Another dozen folks at the meeting were elected, appointed and hired government officials. This was not their first Freddy Krueger zoning proceeding. They expected and received a routine exercise in participatory democracy where a single misspoken word could cost them their jobs. They anticipated the yelling and scorn thrown at them and the accusations of wrongdoing and incompetence.

And there were about a half-dozen folks sitting with the farmer who launched this siege by asking county staff if he could build a slaughterhouse on a parcel of land near these 80 folks.

Staff said it looked unlikely but since this was America the famer had the right to seek approval from the proper zoning board.

At this point, facing staff discouragement and neighborhood outrage the farmer is rumored to have made the typical applicant decision: Fight, if for nothing else the principle of Property Rights.

Property Rights are not the same kind of rights that extend down your arm and through your fist but end at my nose. Property rights cross boundaries. That's why there are zoning procedures and zoning boards and citizen hearings and a lucrative business in land-use law.

People not believing in Property Rights are -- and how obvious can it get -- Communists.

Property Rights are, however, mercurial. Logic suggests these same 80 folks would have supported the farmer's Property Rights to carve his cornfields into building lots for their homes -- even though the elected, appointed and hired government officials at the time would have tried to explain that cornfields are a net gain in the public coffers and building lots a significant and continual loss.

The citizens would have yelled and scorned them, accused them of wrongdoing and incompetence. The government people would have claimed allegiance to Property Rights and blended a residential and agricultural zone.

This leaves these 80 citizens worried about a slaughterhouse. Clearly, their homes stand as testimonial, Property Rights can trump the common good.

Perhaps pure force of old habit raised my hand. Thankfully I saw a staffer's incredulous look before my hand was noted. My hand dropped. "I thought I could just explain it," I said to her and started suddenly to giggle, and not in the good way, in the bad way like when you see Freddy Krueger walking in the door.

"I don't think they would hear it," the staffer said.

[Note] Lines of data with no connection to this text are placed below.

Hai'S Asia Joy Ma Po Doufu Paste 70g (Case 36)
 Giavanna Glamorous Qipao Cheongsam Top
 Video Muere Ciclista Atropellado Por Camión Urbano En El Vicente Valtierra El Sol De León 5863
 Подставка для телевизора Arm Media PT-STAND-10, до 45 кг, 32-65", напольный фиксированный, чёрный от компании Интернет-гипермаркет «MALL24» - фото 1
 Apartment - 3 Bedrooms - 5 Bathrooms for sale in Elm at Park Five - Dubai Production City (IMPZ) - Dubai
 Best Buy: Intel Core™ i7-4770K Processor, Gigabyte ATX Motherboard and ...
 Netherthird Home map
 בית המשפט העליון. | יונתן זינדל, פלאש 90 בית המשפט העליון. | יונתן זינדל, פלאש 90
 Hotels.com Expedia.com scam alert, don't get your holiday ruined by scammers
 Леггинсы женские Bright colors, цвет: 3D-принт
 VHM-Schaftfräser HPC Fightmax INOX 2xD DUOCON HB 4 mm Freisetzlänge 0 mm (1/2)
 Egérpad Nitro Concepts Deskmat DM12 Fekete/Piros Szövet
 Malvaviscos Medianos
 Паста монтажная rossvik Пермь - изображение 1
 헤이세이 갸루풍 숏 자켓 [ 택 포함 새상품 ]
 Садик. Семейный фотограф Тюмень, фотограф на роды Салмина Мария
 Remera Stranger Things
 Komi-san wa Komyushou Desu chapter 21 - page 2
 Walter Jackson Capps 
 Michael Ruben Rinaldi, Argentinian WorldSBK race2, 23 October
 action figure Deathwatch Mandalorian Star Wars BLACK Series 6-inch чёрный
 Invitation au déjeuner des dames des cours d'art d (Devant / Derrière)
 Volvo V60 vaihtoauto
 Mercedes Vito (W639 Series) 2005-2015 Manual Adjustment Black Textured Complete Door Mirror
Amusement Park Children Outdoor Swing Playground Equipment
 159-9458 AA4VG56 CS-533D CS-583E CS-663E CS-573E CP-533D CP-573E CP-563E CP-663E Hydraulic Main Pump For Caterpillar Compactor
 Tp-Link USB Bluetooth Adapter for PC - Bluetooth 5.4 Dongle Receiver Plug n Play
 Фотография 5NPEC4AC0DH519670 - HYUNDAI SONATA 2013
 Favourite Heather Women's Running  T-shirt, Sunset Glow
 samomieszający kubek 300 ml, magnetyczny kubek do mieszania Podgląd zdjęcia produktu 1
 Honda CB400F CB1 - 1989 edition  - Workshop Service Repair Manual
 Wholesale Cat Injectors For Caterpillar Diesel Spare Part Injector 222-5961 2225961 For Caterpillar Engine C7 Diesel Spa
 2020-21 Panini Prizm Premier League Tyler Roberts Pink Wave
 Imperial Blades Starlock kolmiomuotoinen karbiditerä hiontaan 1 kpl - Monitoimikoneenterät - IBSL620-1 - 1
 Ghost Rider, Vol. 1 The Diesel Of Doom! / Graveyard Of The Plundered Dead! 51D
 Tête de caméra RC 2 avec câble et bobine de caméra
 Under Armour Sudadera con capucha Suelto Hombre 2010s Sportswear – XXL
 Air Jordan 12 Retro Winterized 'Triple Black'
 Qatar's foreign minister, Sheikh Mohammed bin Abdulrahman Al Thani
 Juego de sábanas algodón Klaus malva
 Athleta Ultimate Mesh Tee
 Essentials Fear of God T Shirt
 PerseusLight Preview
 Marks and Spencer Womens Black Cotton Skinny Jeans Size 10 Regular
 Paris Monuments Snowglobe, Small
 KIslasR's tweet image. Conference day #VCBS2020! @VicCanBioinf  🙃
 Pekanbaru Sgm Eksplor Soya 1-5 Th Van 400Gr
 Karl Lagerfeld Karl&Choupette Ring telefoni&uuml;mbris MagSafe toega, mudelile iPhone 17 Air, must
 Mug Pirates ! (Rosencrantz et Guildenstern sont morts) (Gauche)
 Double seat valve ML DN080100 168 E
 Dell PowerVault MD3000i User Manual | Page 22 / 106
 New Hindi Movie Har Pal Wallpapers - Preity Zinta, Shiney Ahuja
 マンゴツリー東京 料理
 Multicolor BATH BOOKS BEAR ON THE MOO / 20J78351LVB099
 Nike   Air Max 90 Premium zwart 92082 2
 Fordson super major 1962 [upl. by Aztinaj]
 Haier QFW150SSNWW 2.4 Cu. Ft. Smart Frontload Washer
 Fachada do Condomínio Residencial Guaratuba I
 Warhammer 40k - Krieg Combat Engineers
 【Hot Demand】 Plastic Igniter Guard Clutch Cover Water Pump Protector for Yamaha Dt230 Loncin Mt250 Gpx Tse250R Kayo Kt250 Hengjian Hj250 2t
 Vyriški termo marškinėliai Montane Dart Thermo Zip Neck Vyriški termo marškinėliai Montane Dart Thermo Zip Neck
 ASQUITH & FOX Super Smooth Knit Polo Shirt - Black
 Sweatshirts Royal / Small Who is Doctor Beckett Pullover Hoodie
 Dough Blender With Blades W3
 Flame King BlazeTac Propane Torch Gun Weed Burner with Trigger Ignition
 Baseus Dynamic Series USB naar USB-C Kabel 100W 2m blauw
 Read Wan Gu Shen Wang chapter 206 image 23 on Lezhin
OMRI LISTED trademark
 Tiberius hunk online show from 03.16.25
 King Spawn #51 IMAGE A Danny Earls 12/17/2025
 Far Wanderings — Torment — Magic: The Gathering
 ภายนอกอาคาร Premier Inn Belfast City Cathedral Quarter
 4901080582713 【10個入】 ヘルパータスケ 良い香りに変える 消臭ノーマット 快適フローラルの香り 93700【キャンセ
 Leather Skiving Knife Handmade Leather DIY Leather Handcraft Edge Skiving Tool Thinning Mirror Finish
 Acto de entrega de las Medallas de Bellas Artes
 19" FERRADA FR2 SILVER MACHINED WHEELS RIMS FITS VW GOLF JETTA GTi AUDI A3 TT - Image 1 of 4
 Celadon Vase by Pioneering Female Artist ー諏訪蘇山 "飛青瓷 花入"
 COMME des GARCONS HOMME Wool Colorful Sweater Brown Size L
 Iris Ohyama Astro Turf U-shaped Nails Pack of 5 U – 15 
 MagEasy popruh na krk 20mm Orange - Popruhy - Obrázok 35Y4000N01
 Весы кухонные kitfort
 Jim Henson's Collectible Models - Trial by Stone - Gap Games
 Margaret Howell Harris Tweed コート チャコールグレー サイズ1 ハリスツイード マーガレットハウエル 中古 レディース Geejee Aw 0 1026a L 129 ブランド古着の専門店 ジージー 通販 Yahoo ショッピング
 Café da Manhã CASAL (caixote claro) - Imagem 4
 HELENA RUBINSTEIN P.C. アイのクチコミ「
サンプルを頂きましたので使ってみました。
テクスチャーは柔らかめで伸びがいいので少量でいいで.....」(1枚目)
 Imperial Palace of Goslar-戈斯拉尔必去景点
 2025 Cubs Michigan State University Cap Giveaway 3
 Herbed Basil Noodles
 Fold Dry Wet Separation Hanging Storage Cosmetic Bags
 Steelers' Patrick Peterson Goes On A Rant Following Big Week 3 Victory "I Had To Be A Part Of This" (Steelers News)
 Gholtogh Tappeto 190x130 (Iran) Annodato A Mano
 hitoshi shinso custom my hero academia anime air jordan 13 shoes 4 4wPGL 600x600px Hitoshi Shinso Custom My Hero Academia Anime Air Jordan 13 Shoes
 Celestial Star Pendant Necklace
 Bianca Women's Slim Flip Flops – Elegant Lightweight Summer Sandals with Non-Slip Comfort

I left the hearing to wait in the car for my government official husband who -- as I had been once -- is paid to endure these encounters.

I accept my departure could be considered avoidance, abandonment. But I prefer to consider it an exercise in self-control, something that needs to be given a lot more play in these free-form citizen zoning meetings.

It leaves me wondering what would happen if you just invited Freddy in for a cup of tea. Or a Budweiser. But then that giggling starts again.

Sunday, August 15, 2010

DON'T LEAVE HOME WITHOUT YOUR PRESS PASS

I can't believe I left my press pass at home. One of my cronies -- as my husband refers to my journalistic-ally bent friends -- told me to flaunt my credentials. Pathetic as they are, she reminded me, a press pass is the key to the city.

How many times have I told students, even their high school newspaper's press pass carries weight. Everybody, everybody, EVERYBODY wants to talk about themselves to a professional listener.

And although my hair is still dark and my face somewhat leaner in the laminated photograph, I do have a press pass and -- albeit from a company no longer in business -- IT WOULD HAVE WON ME THE RESPECT OF THE GATEKEEPER OF SALVADOR DALI'S HOUSE.

His house.

But no. I didn't listen. I pulled that ancient old laminated press pass out of my wallet more concerned with the Tel Aviv airport than thinking about Salvador Dali. I took it out of my wallet and I KEPT IT AT HOME! Digging before the gatekeeper I discovered I had I kept my government pass in my wallet. WAS I CRAZY? No one in Tel Aviv asked me a thing about credentials. They just kept asking the origin of my name and if anyone had asked me to deliver a package out of the country. Then they'd asked me again, about 20 seconds later, like maybe it had slipped my mind.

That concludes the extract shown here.